The colour can be yellow or chartreuse or pale green flecked with gold. It might have a nose of artichokes or fresh-cut grass or tomato leaves. The flavour may be fruity or herbaceous, with spicy notes or peppery undertones or a long, balanced finish. No, we’re not talking wine, but, rather, olive oil. Elena Lepori, an expert in the substance, is tutoring me on the proper way to experience the good stuff, specifically single-estate extra-virgin olive oil from Italy, her specialty.
Dark haired and petite, Lepori is the owner of Toronto-based Lugano Fine Foods and a trained olive-oil sommelier. She has an expressive, lively way of speaking and an accent that’s hard to place. In fact, Lepori is the child of a French mother and a Swiss-Italian father. She was born and raised in the Swiss city for which her importing company is named, eight kilometres from the Italian border. When she came to Canada as a young bride about 40 years ago, she let her husband Stefano’s career as an architect take precedence, while she focused on learning English and raising their two children. It wasn’t until a pivotal trip to Europe in 2006 that her new passion and career took root.
“It all started out of a beautiful encounter I made in Sicily,” she says with a smile. “I was at a food fair and I noticed wonderful people from a farm called Mandranova.” Although there were lots of other booths to visit and oils to taste, Lepori kept going back to that one, where she got to chatting with the owners. Before long, she had made arrangements to return to Sicily and stay at the Mandranova olive farm for a month-long vacation. “It was there that I started to develop this incredible taste for pungent olive oil.”
Back in Toronto, Lepori had such a hard time satisfying her hankering for top-quality olive juice that she decided she would have to start importing it herself. With her friends at Mandranova on board and Stefano by her side, she started knocking on doors. “Pusateri’s [the Toronto gourmet-food shop] made a small order, so I brought in my first palette – around 200 bottles.”

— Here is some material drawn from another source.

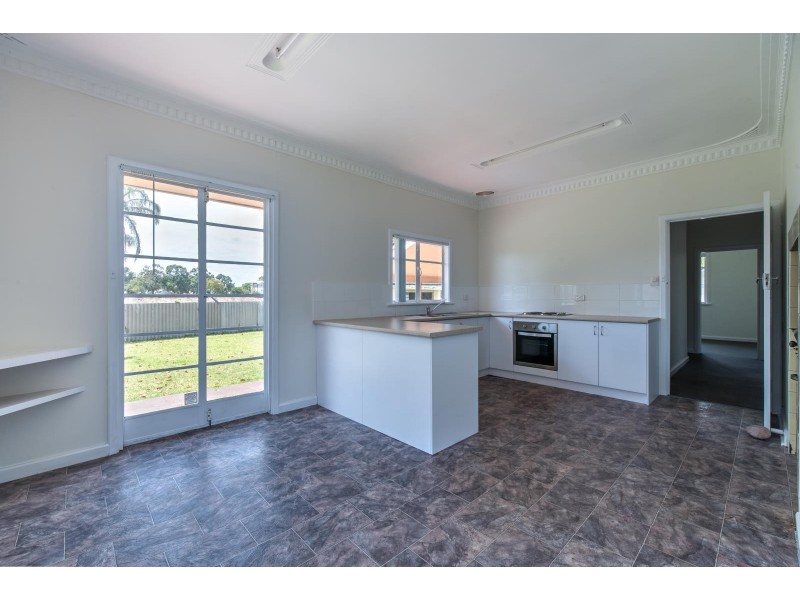 8 Olga Road, Maddington WA 6109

The following year, Lepori returned to Sicily to look for additional producers, learning more and more about Italy’s complex olive-oil industry as she went along. “Sicily alone has more than 60 different types of olive cultivars; there are close to 500 in all of Italy,” she says. On top of that, there were the government’s strict designations of authenticity to figure out as well as variations in producers’ methods of harvesting, extraction, storage and more. When self-education and on-the-job training weren’t enough, Lepori enrolled in olive-oil school at the Organizzazione Nazionale Assaggiatori Olio di Oliva (a.k.a. the National Organization of Olive Oil Tasters) in Imperia, Italy. “I did a 10-day sommelier course, but I don’t have the audacity to say I know everything,” she says. As with wine, there are many levels of knowledge and constant opportunities to learn.
Today, Lepori works with 21 single-estate olive-oil producers as well as a select group of artisans who make other products such as pasta and balsamic vinegar. The business is growing – consumers here can find her products at fine-food emporiums in Ontario, British Columbia, Alberta and soon maybe Quebec – but she still takes the time to visit each farm or producer in situ before deciding whether to take it on.
Its rapid growth notwithstanding, the operation has a personal, sincere quality, which Lepori recognizes as an extension of her Swiss values. “I grew up with very strict principles,” she explains. “In Switzerland, we like things that are ethical and true. I want to bring a product that is clear, honest and traceable. I want to know the people who are behind it. I put this philosophy behind my entire company.”
Elena Lepori’s tips on how to savour a good small-lot olive oil
Before you even open the bottle, a look at the label will tell you the type of olive (cultivar) the oil is made from, when it was made, when it will expire and whether it is a mono-cultivar oil or a blend of a few types. “Some cultivars stand on their own,” Lepori says. “For example, Nocellara del Belice is like a cabernet wine.” However, a well-made blend can be just as delicious, she stresses, pointing to certain Tuscan and Umbrian examples that mix a few cultivars with great success.
When it’s time to taste, pour a little oil into a glass. (A good store or producer will let you do this.) You will want to take a big whiff and note its aroma, but avoid jumping to conclusions about colour and clarity: The type of olive, maturity at harvest, method of processing and level of filtration will all affect colour without necessarily affecting quality.
Finally, taste the oil by slurping in into your mouth along with a lot of air. Top-notch oils will be pungent and often even bitter – this is due to high levels of the antioxidant polyphenol and is a sign of quality. Other good flavours to look for are fruitiness, pepperiness, grassiness and nuttiness, but mostly just taste for flavours that appeal to you, keeping in mind that you’ll generally be enjoying your oil on food, not all by itself.